Ultraviolette Straling
De zon zendt naast licht ook ultraviolette straling (UV-straling) uit. Wanneer je in de zon ligt, komt deze straling op je huid terecht. Je huid reageert door extra pigment aan te maken, waardoor je bruin wordt. Dit pigment beschermt je huid tegen de schadelijke effecten van UV-straling.
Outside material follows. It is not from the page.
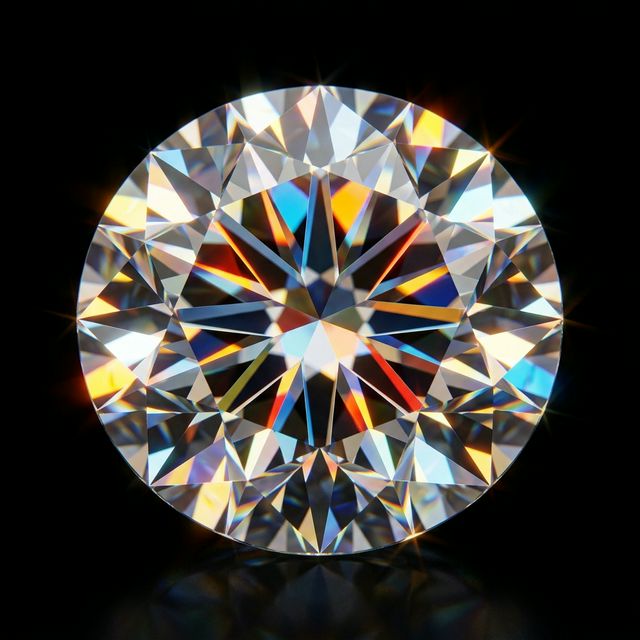 Extreme macro shot of a flawless lab-grown diamond glowing with brilliance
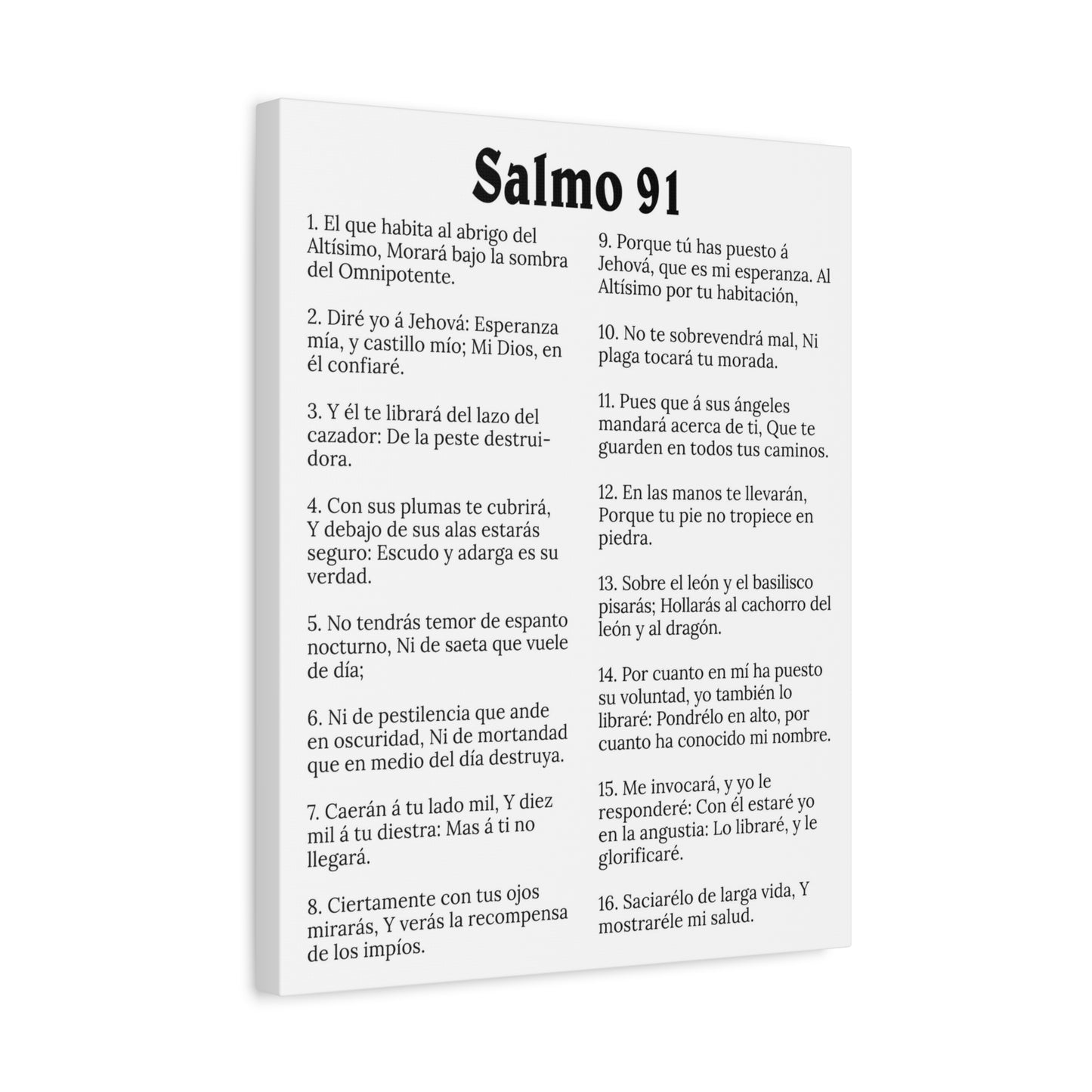 Scripture Walls Salmo 91 White Christian Wall Art Print Ready to Hang Unframed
Te veel UV-straling kan leiden tot zonnebrand en vergroot het risico op huidkanker. Zonnebrandcrème absorbeert UV-straling en beschermt je huid. Hoe hoger de beschermingsfactor, hoe beter je huid wordt beschermd.
De ozonlaag
Hoog in de atmosfeer zit een gas genaamd ozon, dat de meest schadelijke UV-straling tegenhoudt. Dit vormt de ozonlaag. Door vervuilende stoffen zijn er gaten ontstaan in de ozonlaag, waardoor meer UV-straling de aarde bereikt.
UV-Lampen
Er zijn lampen die voornamelijk ultraviolette straling uitzenden, zoals zonnebanken en blacklightlampen in discotheken. Naast UV-straling geven ze ook een beetje violet licht. Je herkent UV-lampen en blacklightlampen aan dit violette licht. In het spectrum van een UV-lamp vind je UV-straling aan de linkerkant van het violette gedeelte. Dit kun je aantonen met een fluorescerende stof, die gaat oplichten wanneer er UV-straling op valt.